Venturing into the foreign- dominated entertainment magazine arena where Source feeds the hip-hop crazed readers, Mad has a satirical following, MAXIM sells sex appeal and Teen Beat grabs obsessed pop music fans; GEM is going local.

Launched one day before Republic celebrations kicked off in February, GEM dubbed its first publication, 'the Mashramani Issue'.

The issue provided a sneak peak into the 2004 mash camps, a flashback of Mash 2003 in pictures, and a one-on-one with Culture Minister Gail Teixeira, among other features.

GEM also sat down with the woman who would have been queen, Miss Guyana Universe 2004 second-runner-up, Michelle Armstrong. Had past Miss Guyana World queens, Olive Gopaul and Odessa Phillips not contested the pageant, Armstrong would have emerged victorious.

GEM splashed the hottest fashions across its pages for local in-style trendsetters.

The issue also featured the Iwokrama Rainforest Canopy Walkway, tips on dining out along with local recipes, a calendar of what's happening in and around the country and various other columns. GEM also captured in telling photographs the 2003 Kashif and Shanghai Football tournament in Linden.

Publisher Simeon Corbin told Stabroek News the local magazine was created to showcase the many accomplishments of Guyanese.

He said that every two months, GEM's constant goal will be to transcend race, politics, religion and class to provide candid coverage of people and events in Guyana and its diaspora.

Thought-provoking features, informative columns and a comprehensive calendar of events is the aim of future publications, according to Corbin.

"GEM is here to inform Guyanese and we are hoping to provide that package that will reach people. We [are] also here as that vehicle, that avenue where young writers will progress," the publisher said.

The brainchild of Corbin, GEM took two years before reaching fruition, mainly because of the search for a printing house. Corbin said GEM later collaborated with Caribbean Paper and Printed Products in Trinidad and Tobago.

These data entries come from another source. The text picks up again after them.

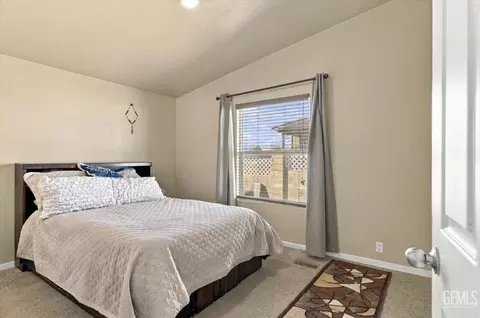Bedroom - 20216 Mesa Dr, Tehachapi, CA 93561 photo 4 of 5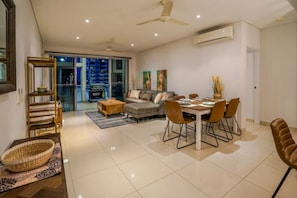 Living room - Signatures on Cavenagh (Darwin)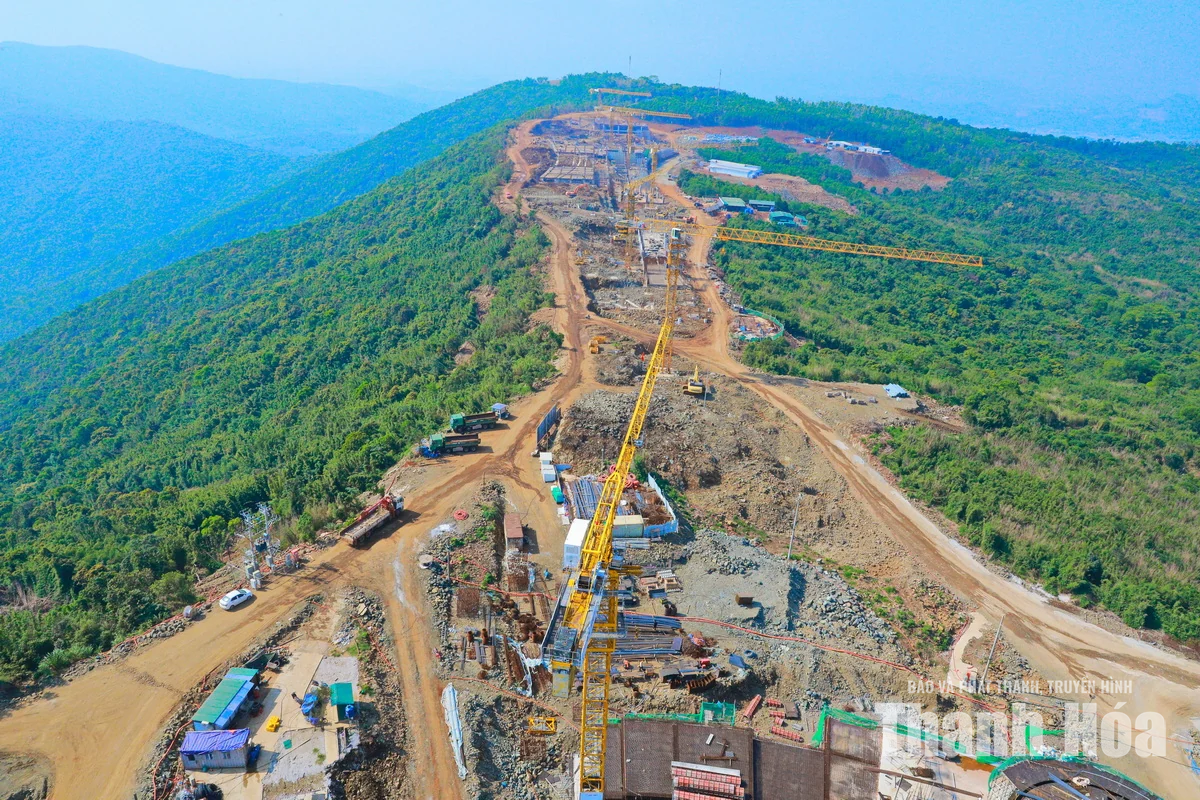 Bí thư Tỉnh ủy Lê Đức Thái kiểm tra tiến độ các dự án đầu tư tại xã Tân Ninh và Như Thanh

GEM's editor Rhonda McPherson opined that Guya-nese are after reading material and entertainment news is where they will look. She said that there are things that could make very entertaining reading in this society that have remained untouched for too long.

According to the editor GEM is geared to bring a fresh, new perspective to local reading material, adding that people will still be entertained and informed, but in a more practical way.

McPherson said GEM is still in its early stages and the involvement of the readership is a critical component.

GEM's next issue will be out before the Easter weekend. Among the magazine's features will be a photo spread of the Mash 2004 celebrations, an interview with eight local male professionals and a look into the life of local designer Sonia Noel.